- Assignment
Please transcribe only the lines from the one holding "Garden Impressions Fresno" through the final line of the data, both included, with no pictures.

::::::::

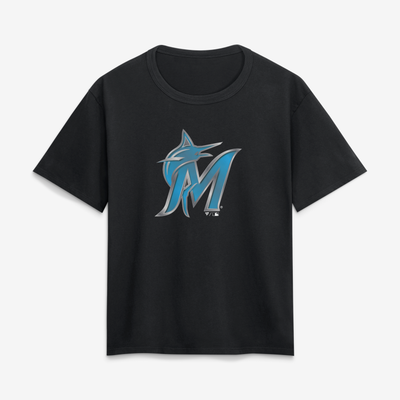 Miami Marlins Women's Metallic Mascot T-Shirt - Black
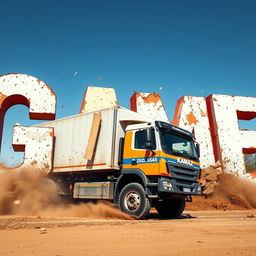 A large KAMAZ truck driving and crashing into giant letters that spell out the word 'GAME'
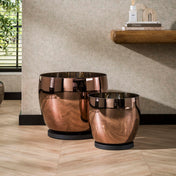 Upara XL 1-lichts - vloerlamp van koperkleurig glas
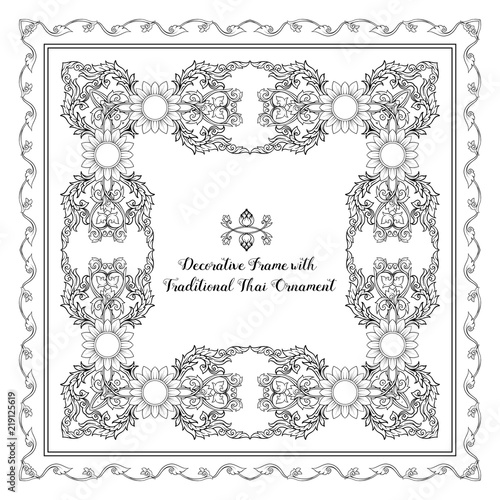 Set of frames with decorative elements of traditional Thai ornam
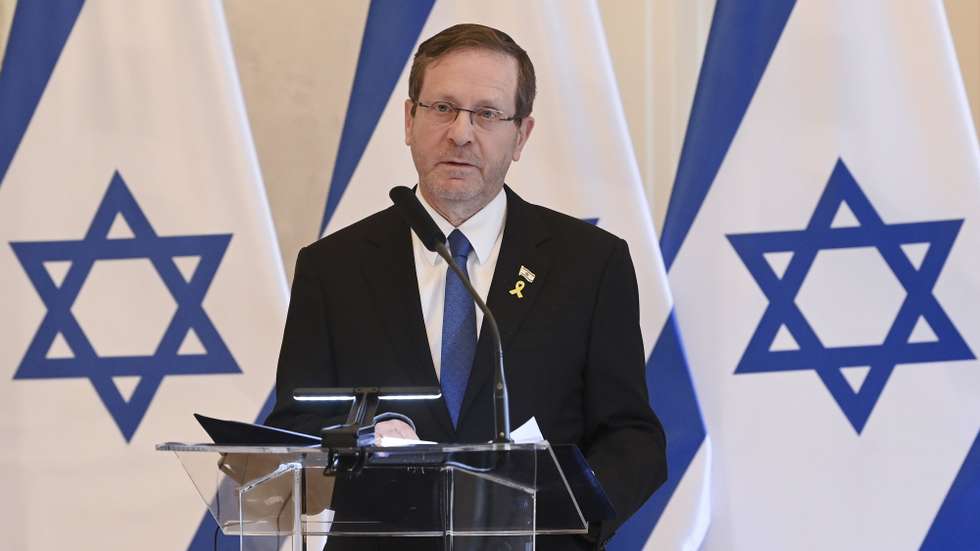 epa11904657 Israeli President Isaac Herzog speaks during a joint press conference held with Hungarian President Tamas Sulyok (not pictured) in the presidential Alexander Palace in Budapest, Hungary, 18 February 2025. President Herzog is on an official visit to Hungary.  EPA/NOEMI BRUZAK HUNGARY OUT
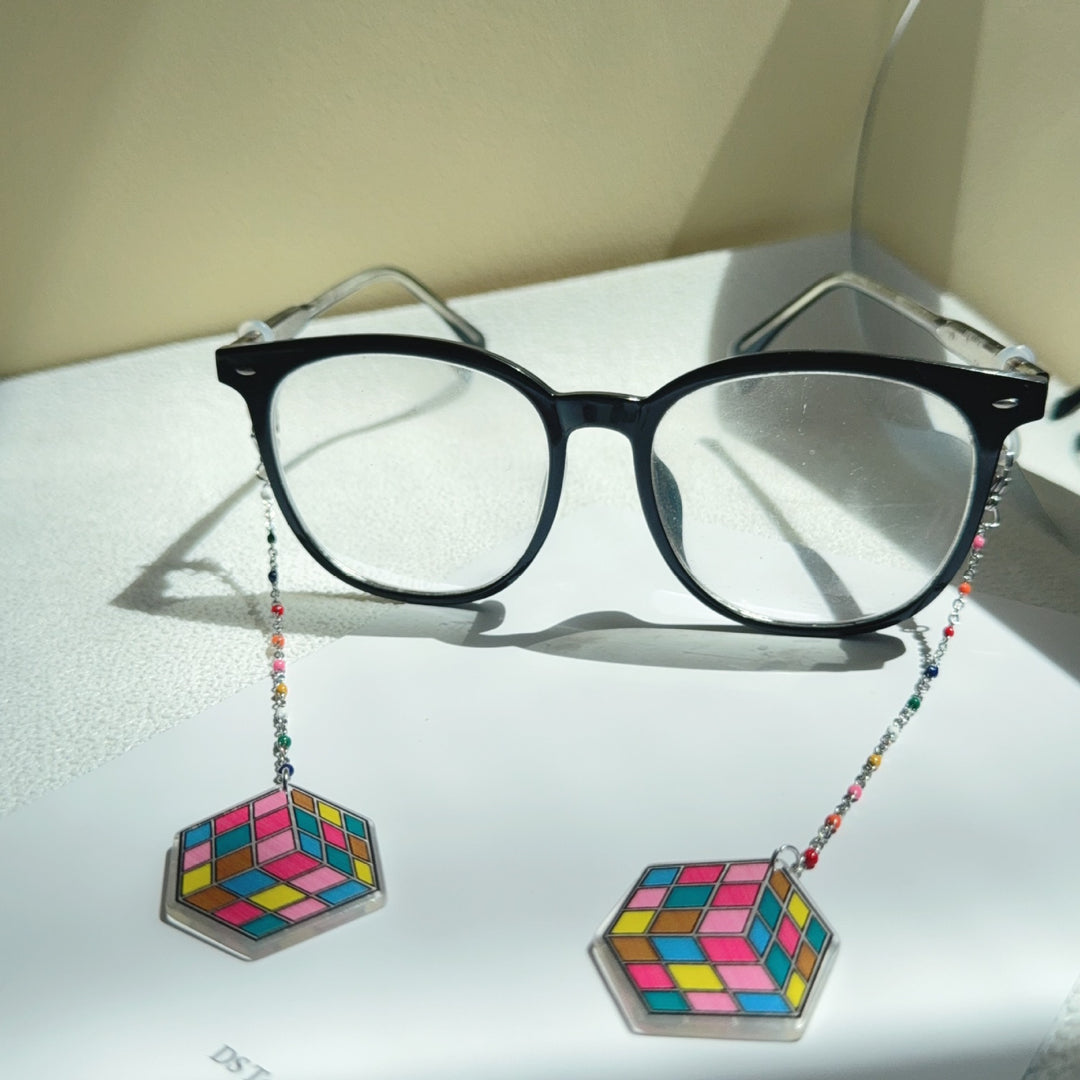 Colorful Rubik's Cube Dangle Earrings Kalsten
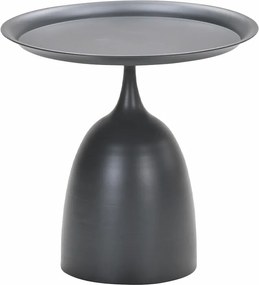 Garden Impressions Fresno loungestoelen donker grijs - Mati bijzettafel Ø50x48 cm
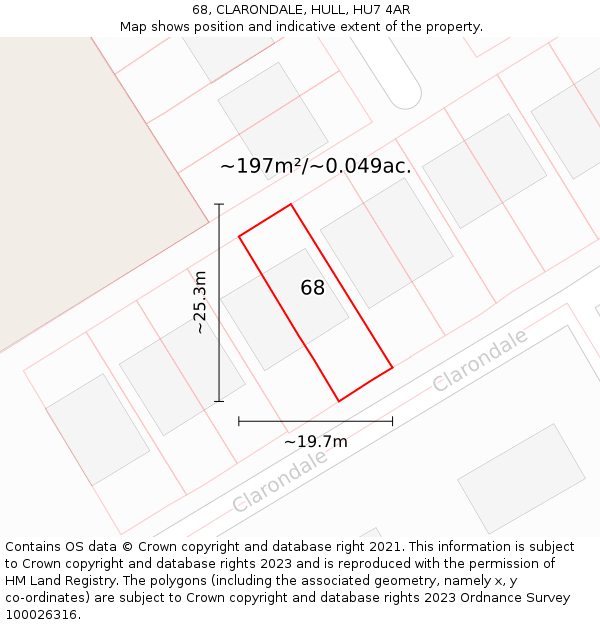 68, CLARONDALE, HULL, HU7 4AR: Plot and title map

::::::::

- Solution to the problem
 Garden Impressions Fresno loungestoelen donker grijs - Mati bijzettafel Ø50x48 cm
 68, CLARONDALE, HULL, HU7 4AR: Plot and title map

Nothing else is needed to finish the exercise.